By Joey Garrison
(From The Tennessean, March 18th, 2013)
As Metro schools officials dig in to halt legislation that would create a new state panel able to authorize charter schools, their final argument is a fiscal one: protecting the purse of Metro government.
New charters, plotted in Nashville so sporadically and in bulk by state bureaucrats, could burst the city’s budget even in the short term, they contend.
But backers of publicly financed, privately operated charters are fighting back. The very fact Metro Nashville Public Schools can’t find a way to offset the costs speaks to the school system’s rigidity, some suggest.
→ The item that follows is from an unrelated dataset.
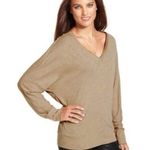 Rachel Roy NEW  Dolman-Sleeve V-Neck Zippers Edgy Tan Knit Long Sleeve Blouse XS Photo 0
Besides, why not deliver public dollars to charter schools that they argue outperform the district?
“It’s not the price of public charter schools that’s too high,” begins an online video created by Democrats for Education Reform, a new group with education views opposite of many in the same party. “It’s the price of running consistently lousy district schools that is.”
Eighteen charters are already set to operate in Nashville next school year, with more growth projected even without a change in law.
At issue is a bill that would create a nine-member appeals panel to vote on charter applicants denied by local boards, a proposal born out of Metro’s repeated denial of Great Hearts Academies’ charter plan for West Nashville last year.
The bill, pushed by House Speaker Beth Harwell and Mayor Karl Dean, heads to the House’s Budget Subcommittee on Wednesday.